I am getting items from an upstream API which is quite slow. I try to speed this up by using TPL Dataflow to create multiple connections and bring these together, like this;
class Stuff
{
int Id { get; }
}
async Task<Stuff> GetStuffById(int id) => throw new NotImplementedException();
async Task<IEnumerable<Stuff>> GetLotsOfStuff(IEnumerable<int> ids)
{
var bagOfStuff = new ConcurrentBag<Stuff>();
var options = new ExecutionDataflowBlockOptions
{
MaxDegreeOfParallelism = 5
};
var processor = new ActionBlock<int>(async id =>
{
bagOfStuff.Add(await GetStuffById(id));
}, options);
foreach (int id in ids)
{
processor.Post(id);
}
processor.Complete();
await processor.Completion;
return bagOfStuff.ToArray();
}
The problem is that I have to wait until I have finished querying the entire collection of Stuff
before I can return it to the caller.

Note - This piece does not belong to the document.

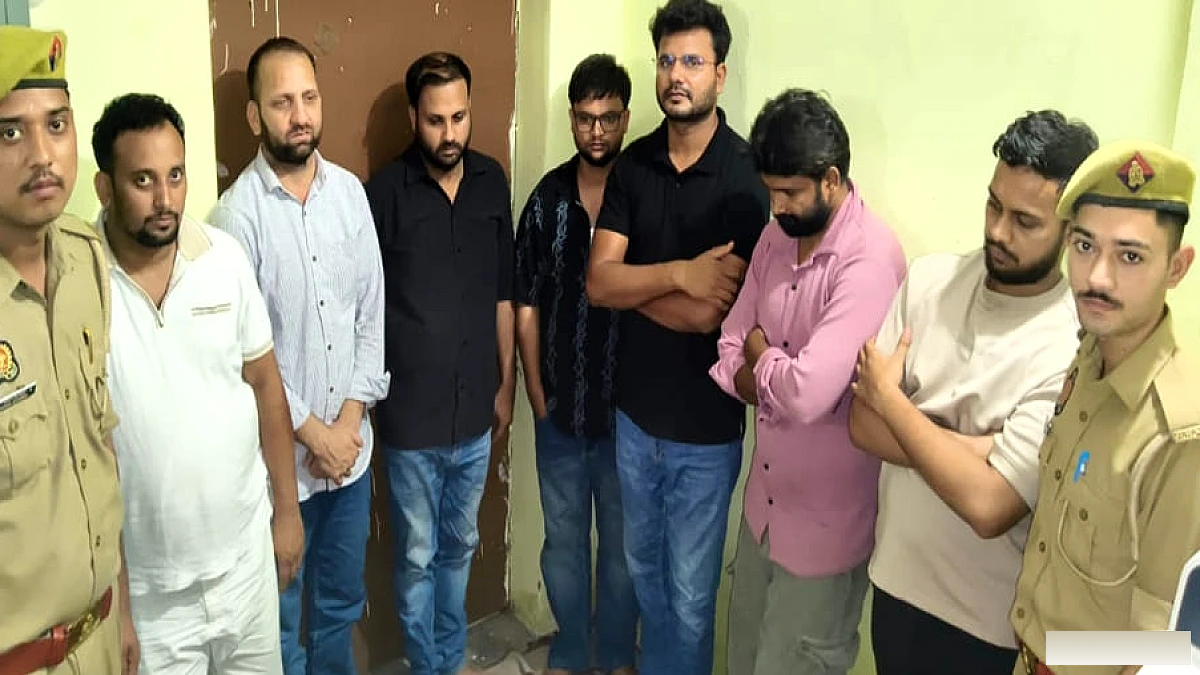 फ्लैट में जुए की फड़ पर छापा, पुलिस की एसओजी टीम ने सात को दबोचे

What I would prefer is that, whenever any of the multiple parallel queries returns an item, I return that item in a yield return
fashion. Therefore I don't need to return an sync Task<IEnumerable<Stuff>>
, I can just return an IEnumerable<Stuff>
and the caller advances the iteration as soon as any items return.
I tried doing it like this;
IEnumerable<Stuff> GetLotsOfStuff(IEnumerable<int> ids)
{
var options = new ExecutionDataflowBlockOptions
{
MaxDegreeOfParallelism = 5
};
var processor = new ActionBlock<int>(async id =>
{
yield return await GetStuffById(id);
}, options);
foreach (int id in ids)
{
processor.Post(id);
}
processor.Complete();
processor.Completion.Wait();
yield break;
}
But I get an error
The yield statement cannot be used inside an anonymous method or lambda expression
How can I restructure my code?
You can return an IEnumerable
, but to do so you must block your current thread. You need a TransformBlock
to process the ids, and a feeder-task that will feed asynchronously the TransformBlock
with ids. Finally the current thread will enter a blocking loop, waiting for produced stuff to yield:
static IEnumerable<Stuff> GetLotsOfStuff(IEnumerable<int> ids)
{
using var completionCTS = new CancellationTokenSource();
var processor = new TransformBlock<int, Stuff>(async id =>
{
return await GetStuffById(id);
}, new ExecutionDataflowBlockOptions
{
MaxDegreeOfParallelism = 5,
BoundedCapacity = 50, // Avoid buffering millions of ids
CancellationToken = completionCTS.Token
});
var feederTask = Task.Run(async () =>
{
try
{
foreach (int id in ids)
if (!await processor.SendAsync(id)) break;
}
finally { processor.Complete(); }
});
try
{
while (processor.OutputAvailableAsync().Result)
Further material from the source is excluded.